Dengan satu ayunan tangan, Zhou Ding menggunakan fungsi penyimpanan dari sistem untuk mengambil semua meja batu, bangku, ranjang batu, serta debu yang ada di dalam gua.
Dengan sekali ayunan tangan lagi, ranjang busa, sofa, meja teh, selimut, kursi malas, meja kecil, dan perlengkapan teh semuanya muncul di tempat yang diinginkan Zhou Ding.
Monyet putih menyaksikan keajaiban ini tanpa rasa takut, malah terlihat semakin gembira, menggaruk-garuk telinga dan berguling-guling kegirangan.

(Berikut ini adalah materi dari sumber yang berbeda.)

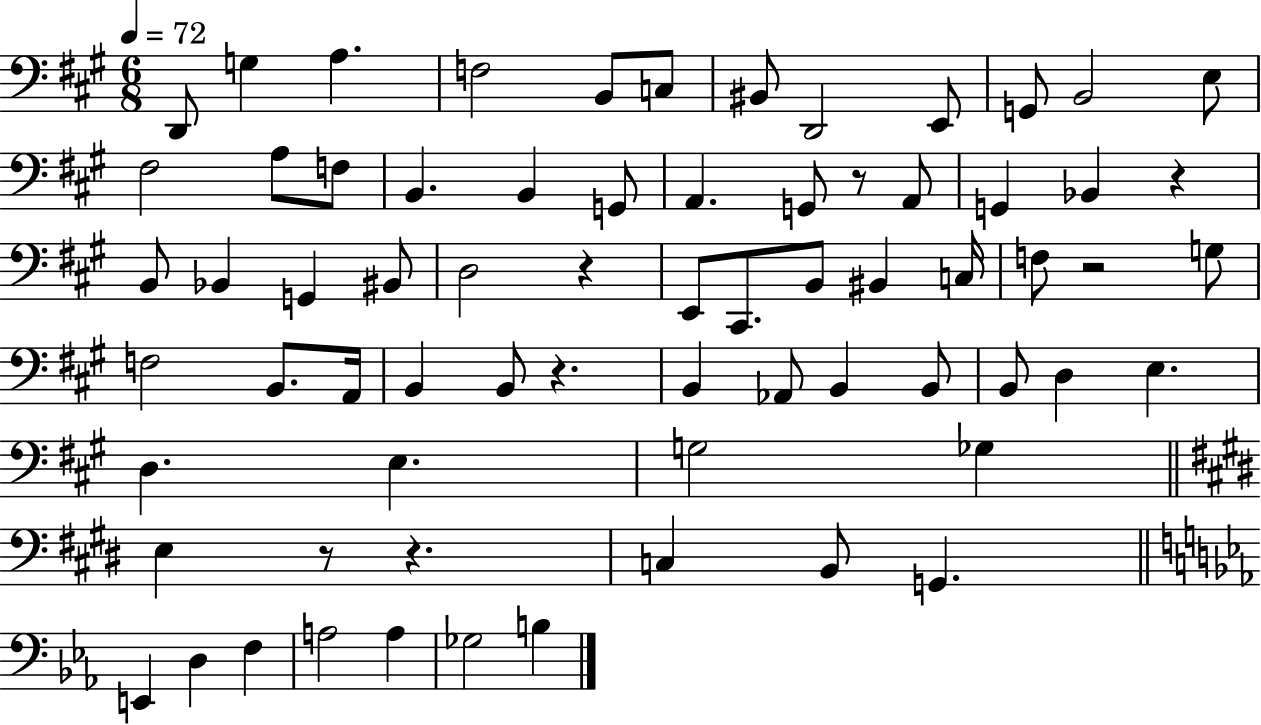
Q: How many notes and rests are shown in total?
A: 69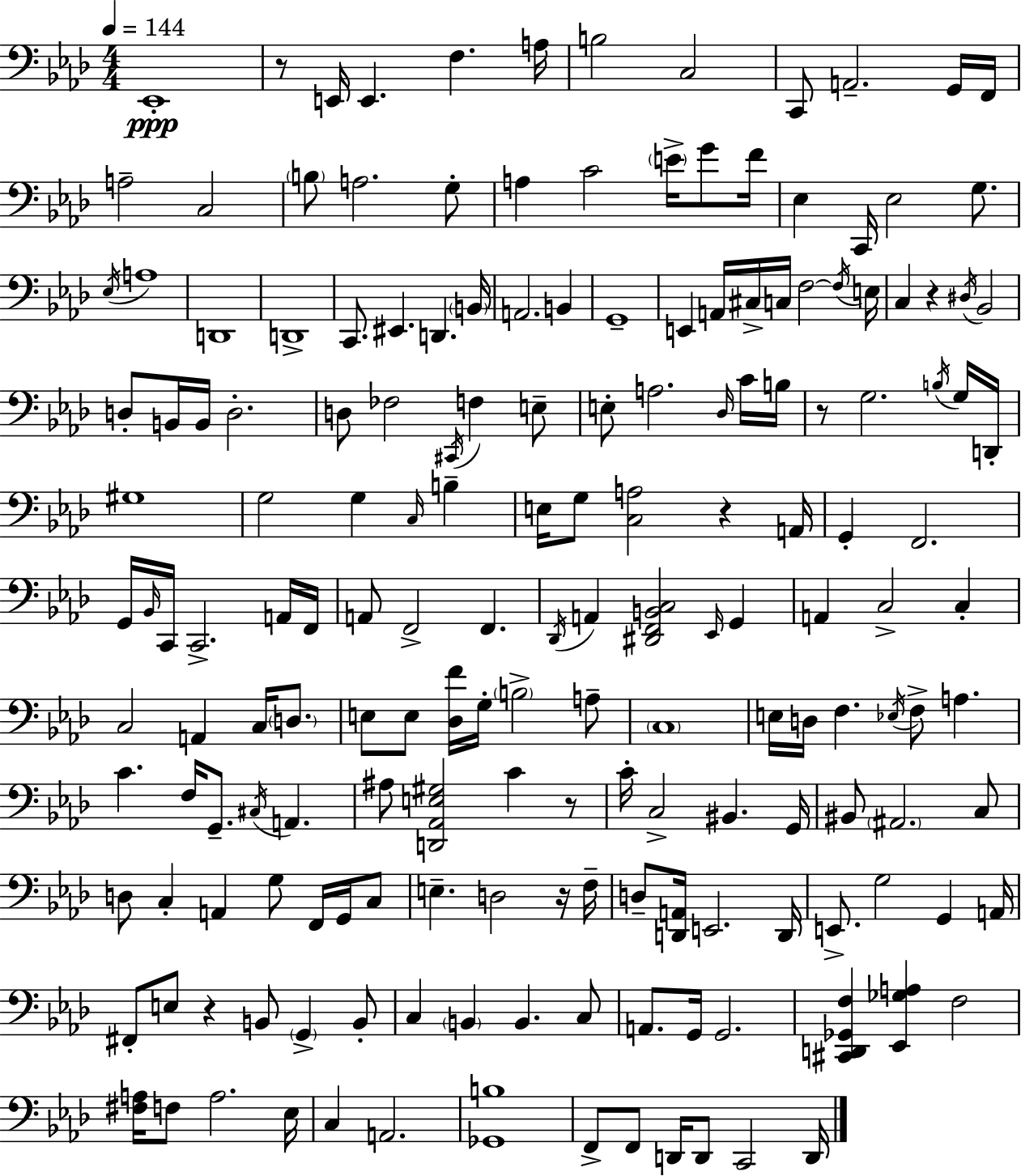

Zhou Ding menyiapkan sebuah ranjang kayu di sudut tempat monyet putih biasa beristirahat, melapisinya dengan kasur dan alas tidur, lalu memerintahkannya untuk beristirahat di atas ranjang.
Monyet putih sangat patuh, langsung meringkuk di atas ranjang. Zhou Ding semakin menyukai monyet putih itu. Ia menukar beberapa buah persik dari ruang sistem dan meletakkannya di samping monyet putih.
Setelah mengatur keperluan monyet putih, Zhou Ding keluar dari gua dan masuk ke ruang sistem.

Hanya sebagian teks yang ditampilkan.